Sounds like you have a great plan and set time aside. Watch out for regression on day 3 or so, and just stick to your guns. These little ones like to test you I think.

My DS is a spirited wonderboy. I've heard other mums of the spirited comment that PUPD hasn't worked for them (doesn't mean it won't for yours) so just watch for improvements and cues carefully. With DS, it winds him up more and he becomes super clingy...and I found it wasn't for him. I know very little on PUPD so perhaps Anna will be able to guide you on how it's meant to go and what signs to look for to check it's heading in the right direction.

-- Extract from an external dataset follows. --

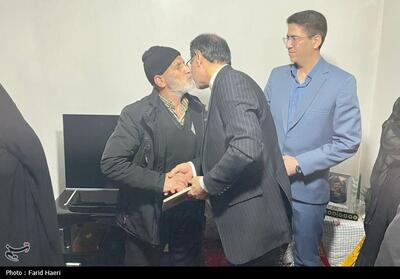 دیدار رئیس سازمان بازرسی با خانواده یکی از شهدای ‌جنگ 12 روزه در ابهر - تسنیم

Which leaves shh patt. Of which I am a massive fan as it got my boy into his own bed. Again, the spirited like to step up the game a little. Often both combined can be too much (I think this may be the same for a lot of babies) and it's a case of finding the one which suits your LO (shh or patt, and the way they like it) and recognising early on when they aren't in the mood for either. Example: ssh patt was our reliable tool for a while, now he finds it 'annoying' to have either in a steady pattern, even when really upset. A random slow shhh is often comforting (as long as it's irregular  ::)) and a rub / pat on his back, bum or legs also works. Again, for some reason it doesn't work with him if it's regular  ???....intermittant and lazy slow. It's a bit of finding what comforts them. Are you clear on how to do shh patt and what you're working towards? Can get you more info on this if you want; just say.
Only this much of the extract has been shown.